A Regional perspective: ON PASSING OF BRITAIN’S ‘IRON LADY’

FOR DAYS, if not weeks to come, we can expect virtual saturated international media coverage of Britain’s only and longest serving Prime Minister of the 20th century, Baroness Margaret Thatcher.

altHer unique political leadership style, her bullish toughness as a politician in wielding state power and intimidating dissent even within her own Conservative Party, had earned her the (un)flattering sobriquet “Iron Lady”.
That was before we came to learn and appreciate also the competence and firm political will of India’s ,Indira Gandhi and Pakistan’s Benazir Bhutto—both to fall victims of hateful political assassins. The ailing Thatcher lived to 87 and died on Monday following a stroke.

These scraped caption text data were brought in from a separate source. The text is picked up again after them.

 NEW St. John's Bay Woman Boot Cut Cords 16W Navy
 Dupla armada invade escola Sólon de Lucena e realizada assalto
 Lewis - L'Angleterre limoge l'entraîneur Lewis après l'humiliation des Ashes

Now, increasingly, it is becoming the political norm to also have in the Caribbean/Latin American Region women heads of government who make qualitative differences to our political culture, education, legal and judicial systems and, of course in media and public relations.
Currently we have two women Prime Ministers in CARICOM—Jamaica’s Portia Simpson-Miller and Trinidad and Tobago’s Kamla Persad-Bissessar. Guyana has had its first woman Executive President in the now late Janet Jagan. Her name is virtually synonymous with Guyanese party politics.

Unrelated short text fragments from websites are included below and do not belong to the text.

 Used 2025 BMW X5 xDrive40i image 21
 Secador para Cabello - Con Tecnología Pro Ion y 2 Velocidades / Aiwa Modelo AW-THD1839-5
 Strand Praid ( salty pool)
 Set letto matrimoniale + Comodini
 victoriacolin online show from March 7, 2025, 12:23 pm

Across in Dominica, by virtue of her own firm control of the governments she headed in Roseau, and leadership style imposed on the then ruling Freedom Party, the late Dame Eugenia Charles came to like the media-fostered image of her as a Caribbean version of Britain’s “Iron Lady”. That, incidentally, was particularly following Charles’ supporting role in aiding US President Ronald Reagan’s military invasion of Grenada in October 1983.

On Reagan and Grenada
In sharp contrast, Thatcher, as Prime Minister, who had once described President Reagan as “the second most important man in my life” (after her husband)—such was their shared ideological affinity and concept of governance—was to strongly denounce the US military invasion of Grenada.
As subsequently reported by Reagan’s Secretary of State, George Schultz in his published recollections of “Turmoil and Triumph”, Prime Minister Thatcher and her government opposed America’s ‘rescue operations’ and did so vehemently”.

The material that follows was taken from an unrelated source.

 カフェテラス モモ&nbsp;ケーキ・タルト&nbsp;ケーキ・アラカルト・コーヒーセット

Schultz quoted Thatcher as declaring: “We in the Western democracies use our force to defend our way of life. We do not use it to walk into independent sovereign territories…If you are going to pronounce a new law that wherever communism reigns against the will of the people, even though it happened internally there, the USA shall enter, then we are going to have really terrible wars in the world….”
But this same ‘Iron Lady’ of British politics, who had pursued a tough policy against immigration that had also seriously affected Caribbean nationals among Commonwealth citizens, went on record in recognizing that Mikail Gorbachev was a Rusian politician with whom she could “do business”.
So she invited him on an official visit to Britain—even before his remarkable rise as President of the then Soviet Union. Pitifully, she was not as perspicuous when it came to understanding one of the most outstanding political leaders of the 20th century whose name is written in the hearts of freedom-loving people everywhere, and most certainly in Africa—the revered Nelson Mandela.

South Africa and Mandela
What citizens of the African continent, of Asia and the Latin America/Caribbean region continue to recall with understandable deep disappointment and sadness is Prime Minister Thatcher’s harsh dismissal of the Nelson Mandela-led African National Congress (ANC) as a “terrorist organisation” and her government’s refusal to support the Commonwealth in economic sanctions against the apartheid regime in South Africa.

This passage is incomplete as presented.